Ceci dit, ça, c’est la mère, pas la fille, et la seconde ne saurait être tenue pour responsable des errements de la première, et tout cela n’a a priori rien à voir avec le spectacle.
Sauf qu’en fait, sous la pointe émergée et comique et de l'iceberg, on baigne un peu dans cette ambiance illuminée et réac à la fois, et ça m’a coupé l’envie de rire (heureusement réveillée à plusieurs moments par la clown, qui a permis encore de bons moments même vers la fin du spectacle).
Déjà, un peu avant ou après avoir présenté Alain Decaux comme un historien, le récit de Catherine Dolto sur les origines de l'amour présente de fait comme une vérité historique le mythe du matriarcat primitif, mais ça on pouvait s’y attendre, c’est un classique qui a la peau dure :
[Voir à ce sujet : http://cdarmangeat.blogspot.fr/2013/04/reponse-une-non-critique.html ]
Ensuite, la deuxième spécialiste qu’on voit apparaître en vidéo est une gynécologue… taoïste et acupunctrice !!! Je peux pas vous résumer ce qu’elle a dit dans son intervention, ça n’avait ni queue ni tête.
[je laisse ici au lacanisme qui imprègne le spectacle le soin de donner sens au fait que dans l’expression que j’utilise ici il y a la formule éminemment castratrice « ni queue », qui elle même rappelle le « Nique » coïtal, etc. etc.]
Dans la présentation du spectacle sur le site du théâtre, Catherine Dolto est elle-même décrite comme tenante d’une discipline psy parallèle :
« Médecin pédiatre, Catherine Dolto se consacre à l’haptopsychothérapie qui aide à soigner les enfants en tenant compte de leur affectivité. »
[Oui, parce que les autres psys pas hapto, eux ils s’adressent aux enfants sans tenir compte de l’affectivité de ceux-ci, c’est bien connu.
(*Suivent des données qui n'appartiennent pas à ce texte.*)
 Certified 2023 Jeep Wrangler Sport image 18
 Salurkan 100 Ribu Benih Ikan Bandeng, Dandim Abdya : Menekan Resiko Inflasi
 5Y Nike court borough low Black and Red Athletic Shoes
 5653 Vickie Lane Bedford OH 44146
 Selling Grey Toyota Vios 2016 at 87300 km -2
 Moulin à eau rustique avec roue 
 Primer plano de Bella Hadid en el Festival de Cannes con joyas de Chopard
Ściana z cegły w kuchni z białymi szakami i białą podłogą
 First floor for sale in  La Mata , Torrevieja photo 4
Ils sont vraiment trop cons, les autres…]
A un moment, il y a clairement, et dans le sillage de maman, un éloge des ressorts de la « psychologie transgénérationelle », qui est un peu à la psychologie ce que l’astrologie est à l’astronomie :
[pour ce truc-là, la psychogénéalogie, voir : http://www.pseudo-sciences.org/spip.php?article888 ]
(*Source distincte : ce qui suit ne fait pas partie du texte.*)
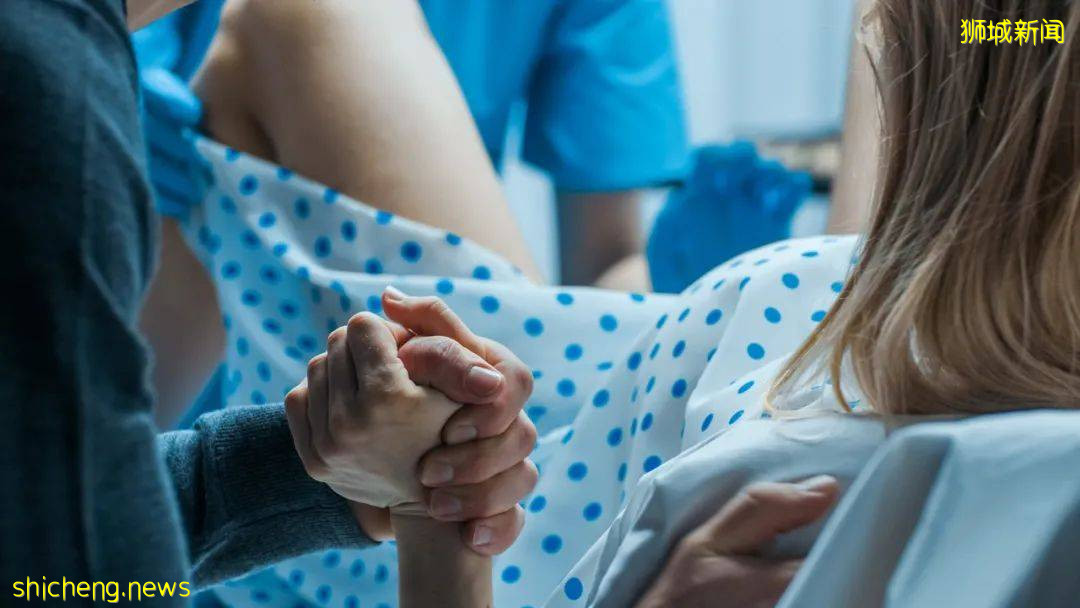 瘋轉!當事人親述!新加坡39周孕婦確診新冠,高燒不退緊急催産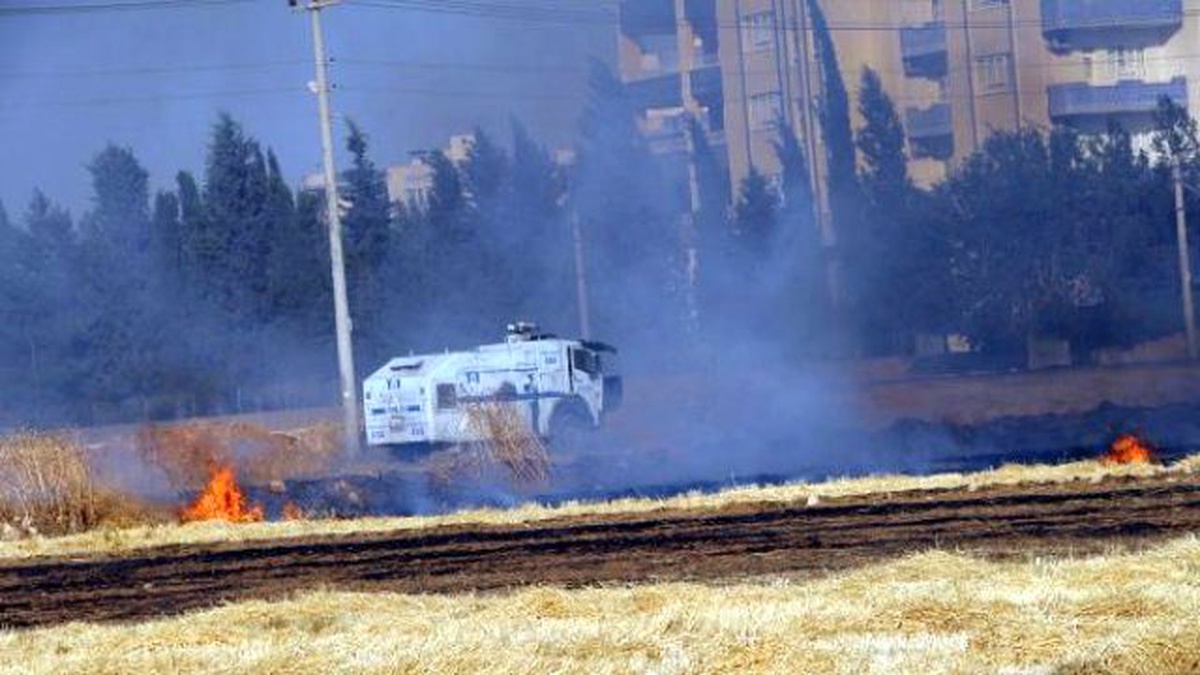Suriye Sınırındaki Yangına Polis Toma ile Müdahale Etti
A un autre moment, pour faire scientifique quand même, Catherine Dolto explique le comportement du mec marié qui a envie de coucher avec une jolie fille croisée dans la rue à l’aide de quelque chose qui ressemble à de la psychologie évolutionniste [=> malgré le vernis de culture monogame il a fondamentalement envie de répandre ses gènes le plus possible un peu partout], mais pas dans la version la plus finaude m’a-t-il semblé. De même, après les salades sur l’amour comme désir de retrouver la paisibilité fusionnelle du liquide amniotique, et pour appuyer le discours néo-freudien sur le fait que tout se joue pour un enfant pour toute sa vie dans sa relation primitive avec sa mère dès les premiers jours voire dès l’utérus, il est fait appel aux mécanismes bien commodes de l’épigénétique, dans une version qui m’a semblé largement abusée (mais je ne pourrais pas l’assurer, je suis pas assez compétent).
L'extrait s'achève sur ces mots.